Арина очнулась, но глаза не открывала. Она почувствовала, что лежит на чем-то необычайно мягком, уютном, теплом, словно утонула в перине тети Тани, на которой просто обожала спать в детстве. Правда, когда зимой тетя жарко топила печь, ей иногда казалось, что перина прилипает к телу и вылезшие пушинки неприятно покалывают кожу. Вот и сейчас ей было слишком знойно и немного душно, и через водолазку проникали колючие иголки неизвестно от чего.

Она вдруг остро осознала, что не может именно сейчас лежать на перине тети Тани, так как поспешила в лес за Тандалай, но потеряла ее из виду, а потом – эта сосновая лапа, накрывшая ее с головой. Арина осторожно, с некоторой долей опаски, приоткрыла глаза, и первое, что она увидела, это огромная керамическая резная ваза, от которой и исходил нестерпимый жар.
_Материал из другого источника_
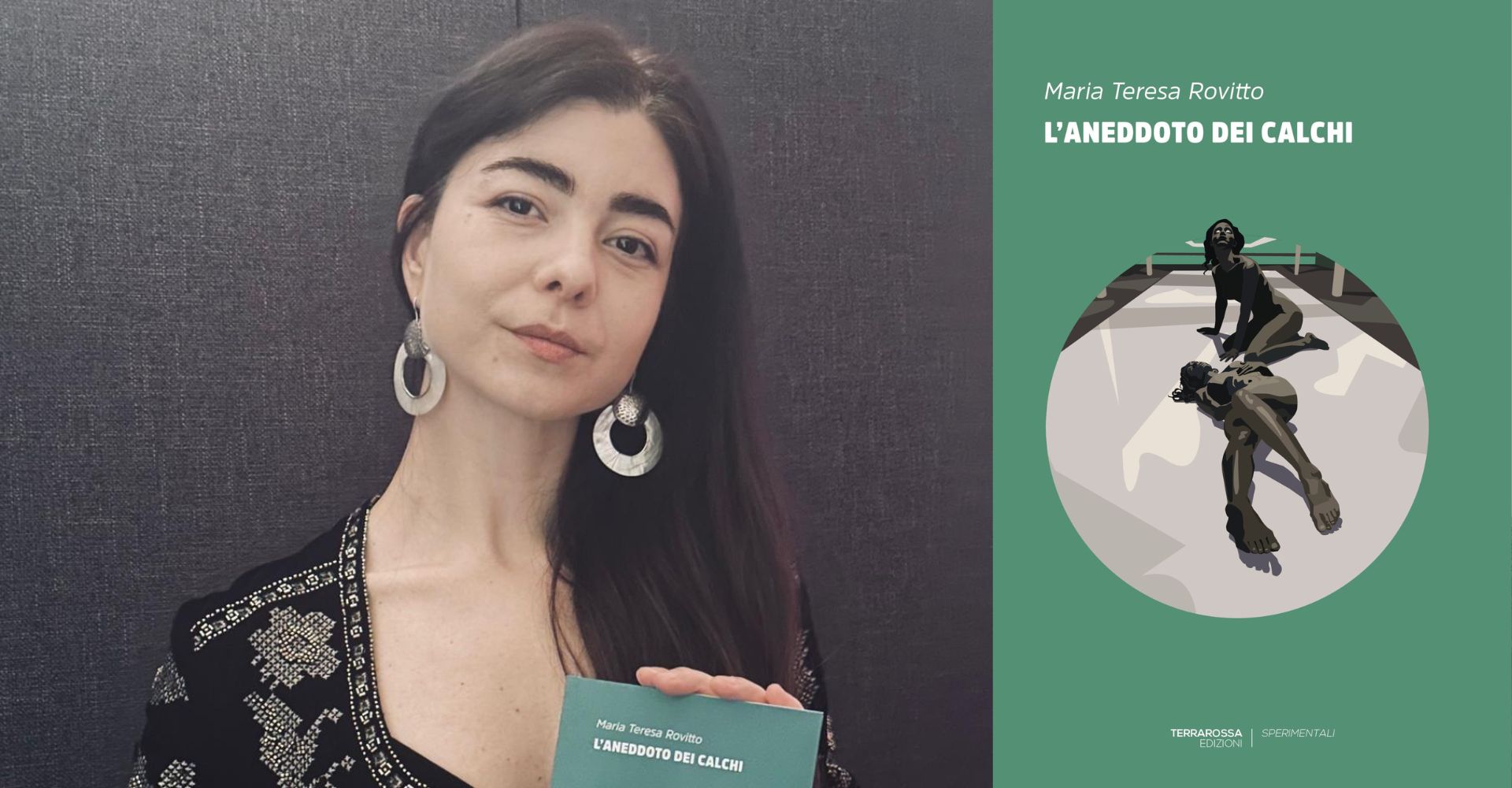 Come l’arte può stimolare la scrittura letteraria – di Maria Teresa Rovitto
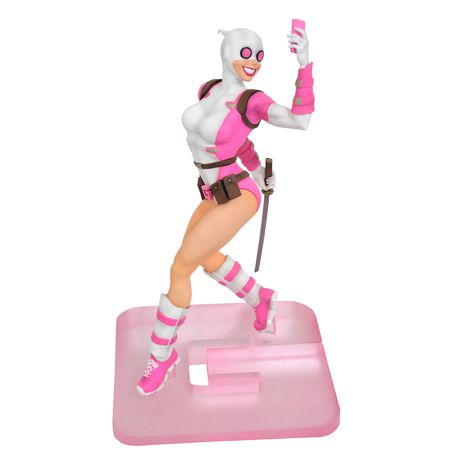 Фигурка Гвенпул (Gwenpool Diamond Gallery)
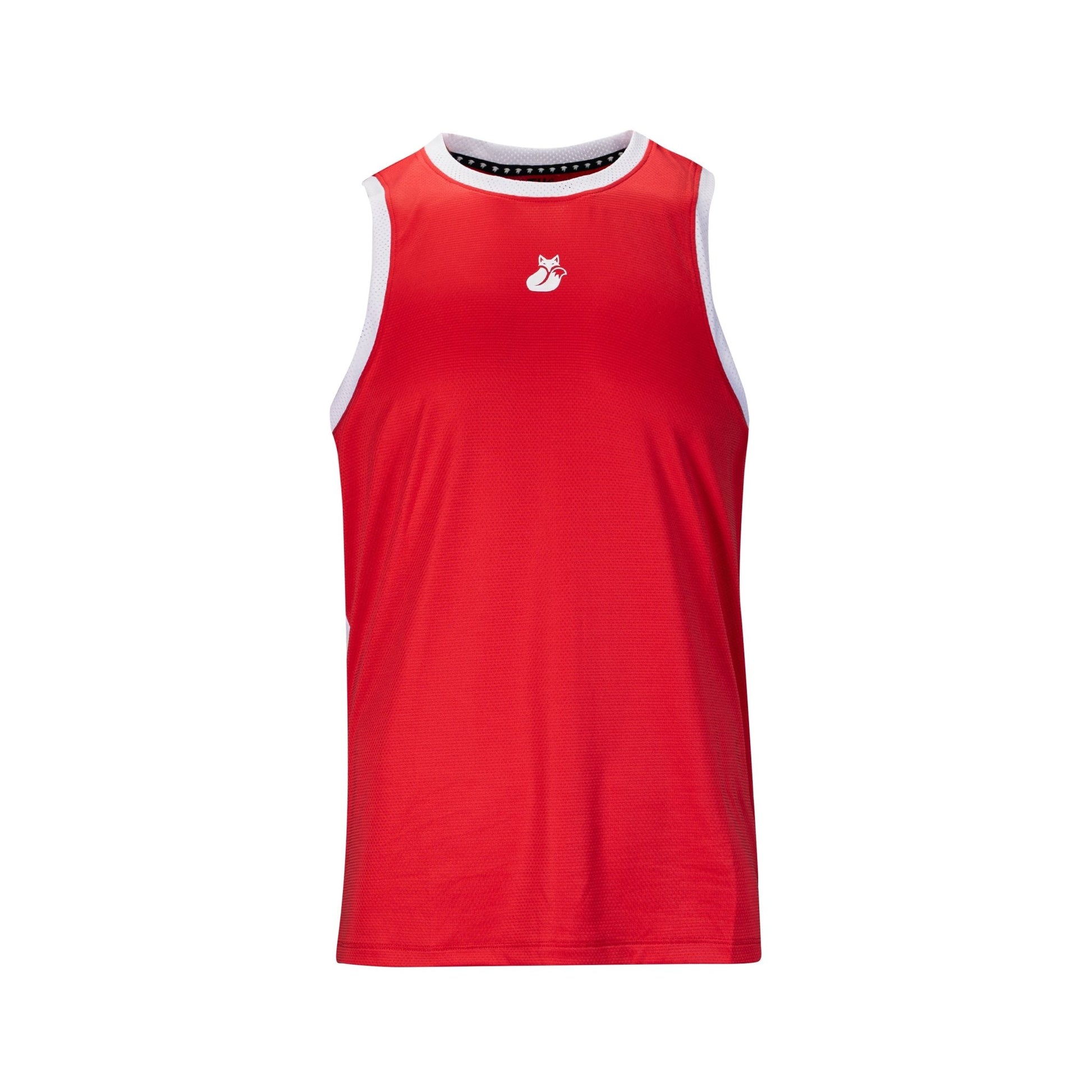 Polera sin Mangas Tank Mesh Tilki Lehinde - Sur SportsVestuario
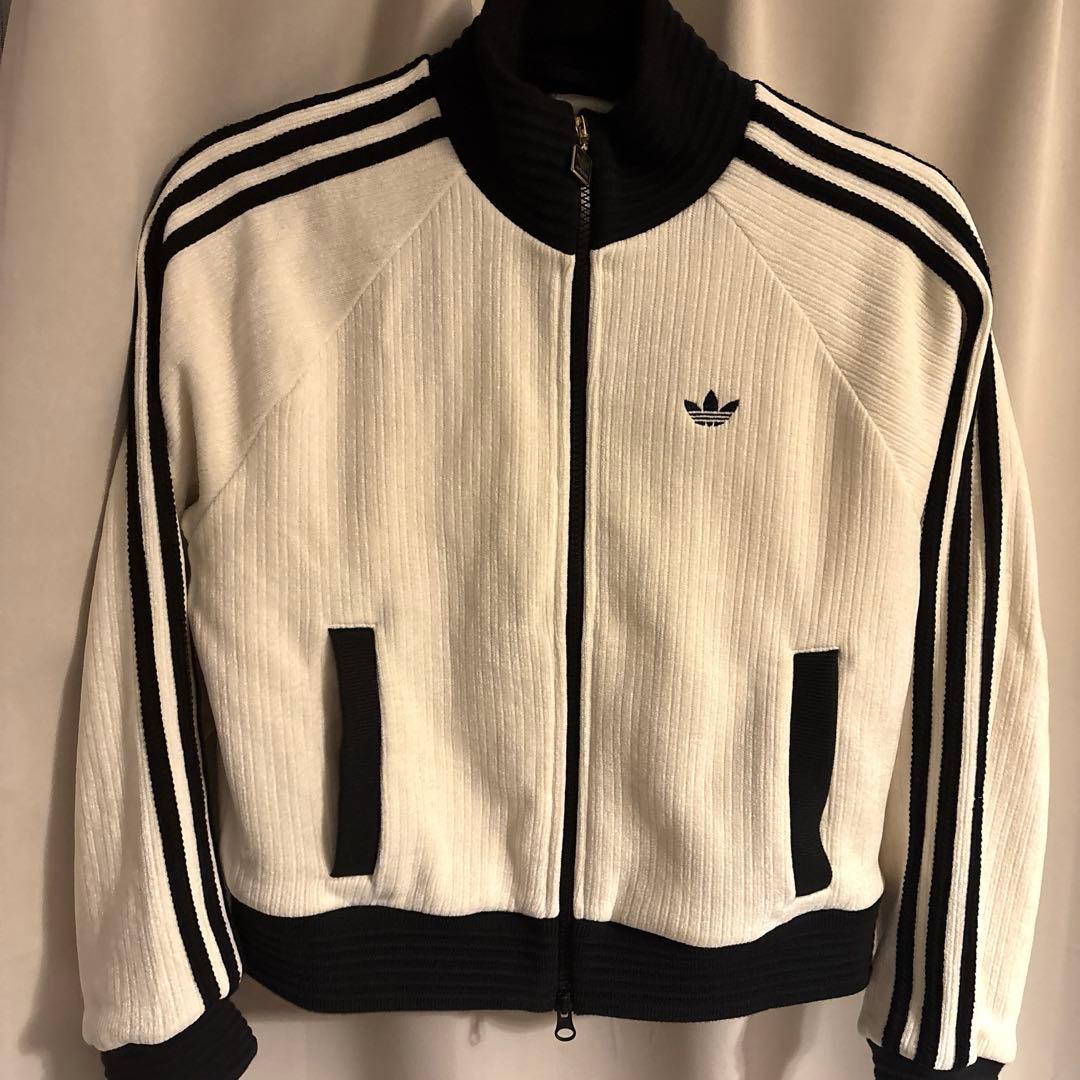 adidas original コーデュロイ　トラックジャケット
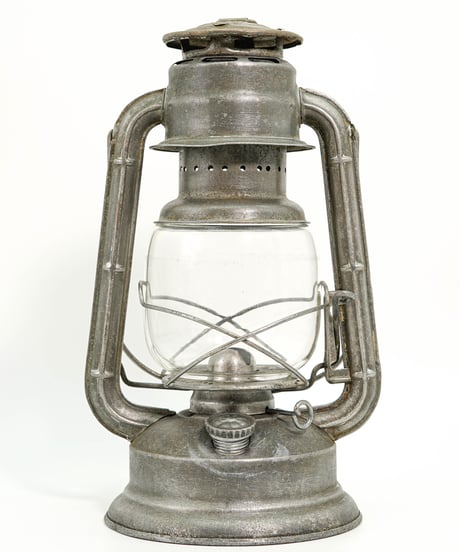 Feuerhand 175 カールスエール波線 西ドイツ フュアハンド ランタン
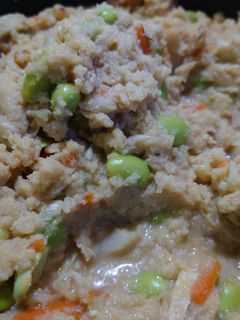 おからの炒り煮-レシピのメイン写真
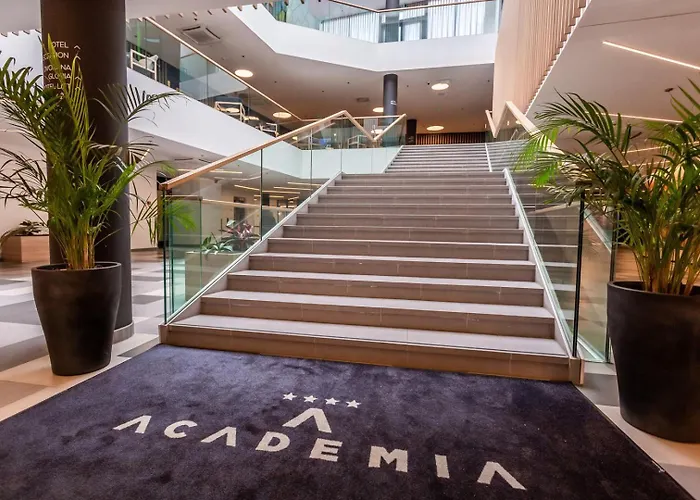 Hotel Academia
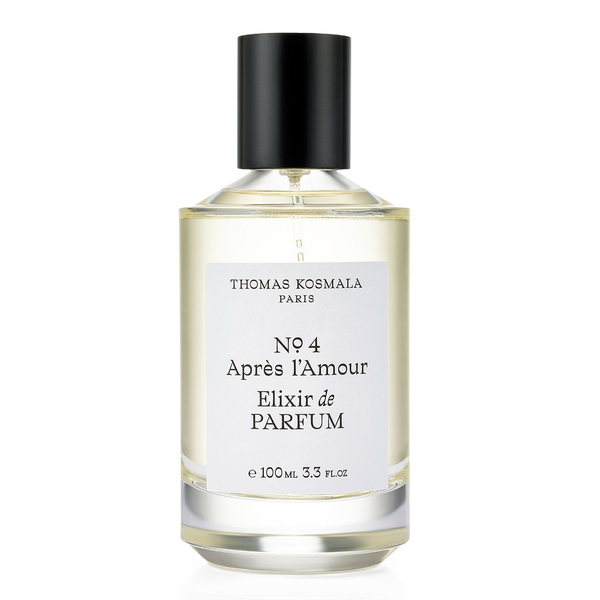 No.4 Apres L'Amour Elixir by Thomas Kosmala 100ml EDP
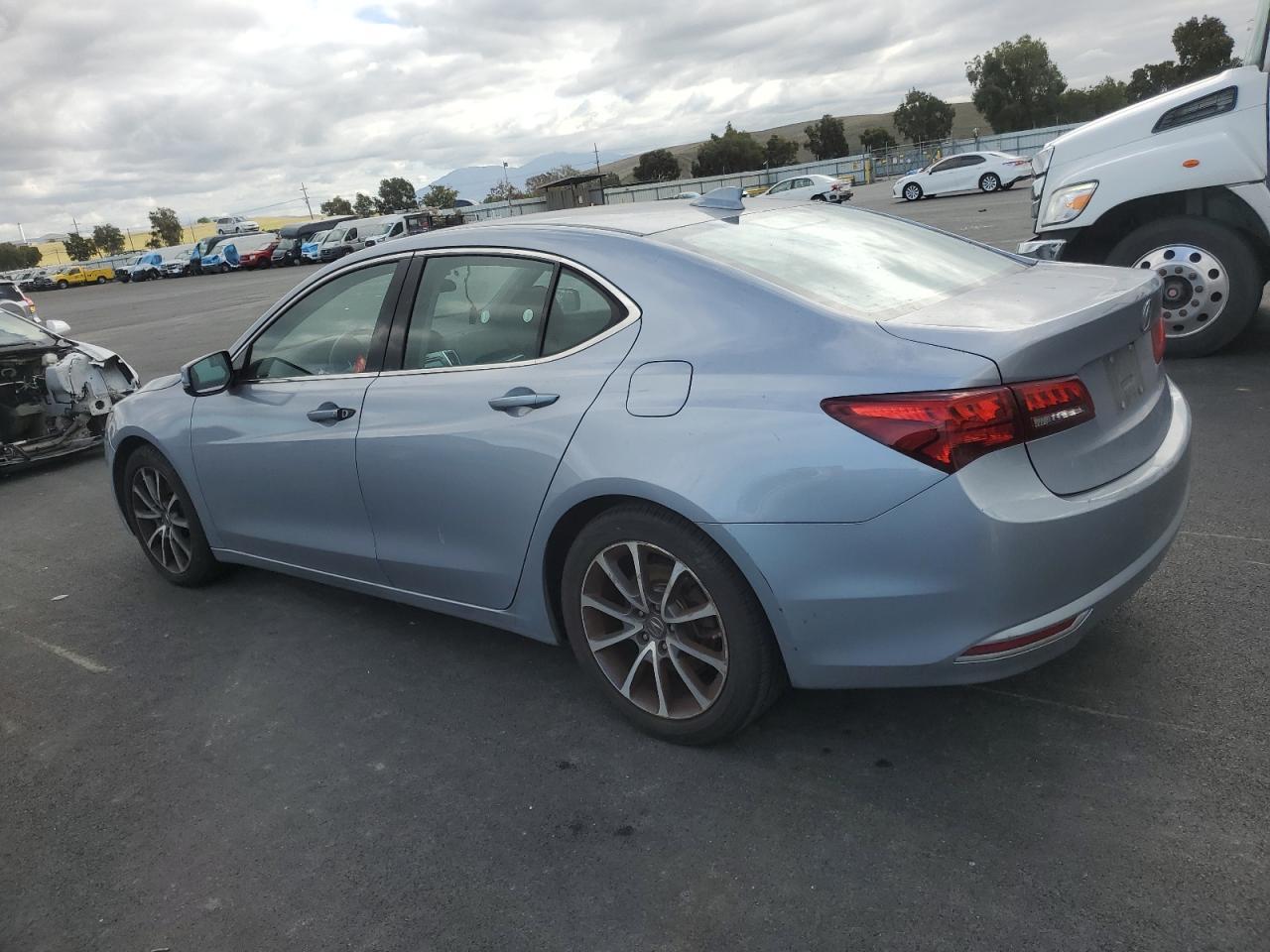 2015 ACURA TLX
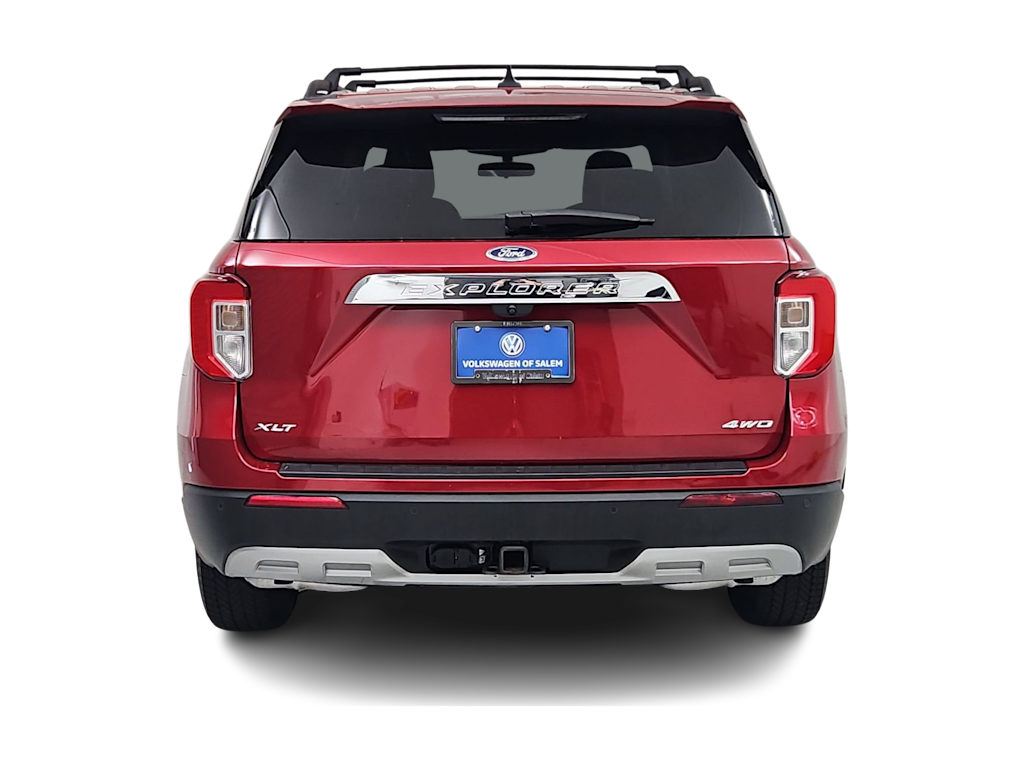 Thumbnail: 2021 Ford Explorer - 5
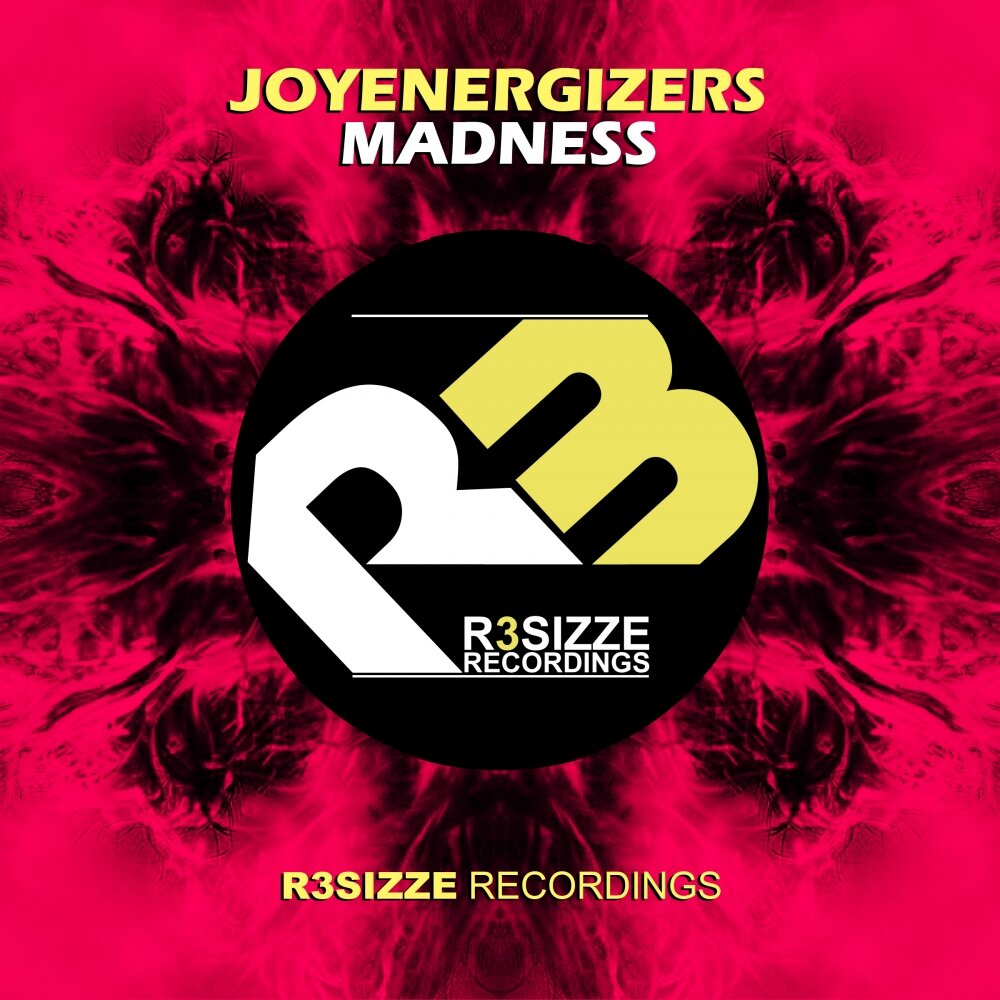 A r recording. R3sizze records. Madness r03. Musical Madness records. Liberate my Madness.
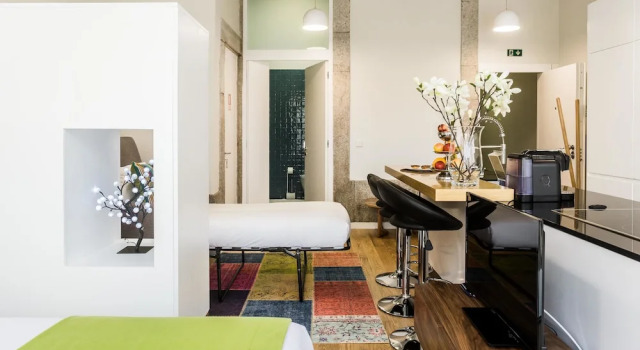 Oportolazaro Premium Downtown Porto, Забронировать Апартаменты/квартира Бонфим Порту, рядом с Парк Жардим-ду-Морру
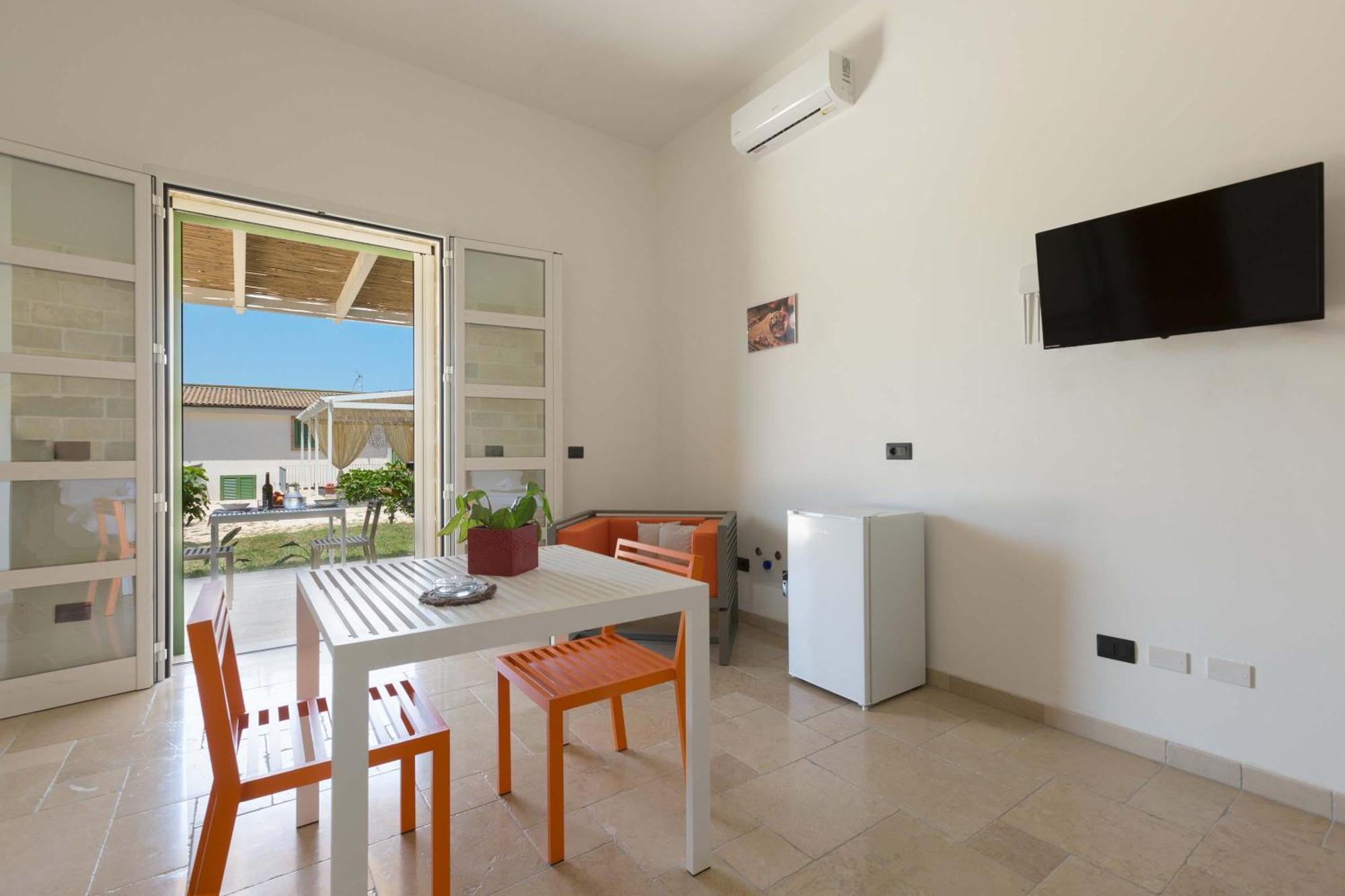 Agriturismo Li Frutti Otranto Kültér fotó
Она постаралась сесть, упершись рукой о землю, но рука утонула в мягкой подушке мха, из которой торчали засохшие старые сосновые иголки. «Так вот что неприятно покалывало тело», – непроизвольно пробежала мысль.

Неожиданно закружилась голова, Арина прикрыла глаза, но собралась с силами, изловчилась и села. Ее голова опять сделалась пустой, и слух уловил успокаивающую песню шамана:

– Айя-я-я-я-а-а-а, ойё-ё-ё-ё-о-о-о, э-э-э-э-йя.

Она медленно открыла глаза – прямо напротив нее сидел шаман в надвинутом на глаза шлеме, украшенном разветвленными рогами и серебряными пластинками, все его лицо было разрисовано красками. Но появление этого, как ей показалось, киношного, персонажа нисколько не удивило, и даже в какой-то мере она обрадовалась тому обстоятельству, что в не известном ей месте находится не одна и, по большому счету, нечего и некого бояться, и она спокойно стала дальше рассматривать шамана. На нем был кожаный плащ, по левую его руку лежал бубен с колотушкой, а по правую спокойно и безразлично сидел тигр.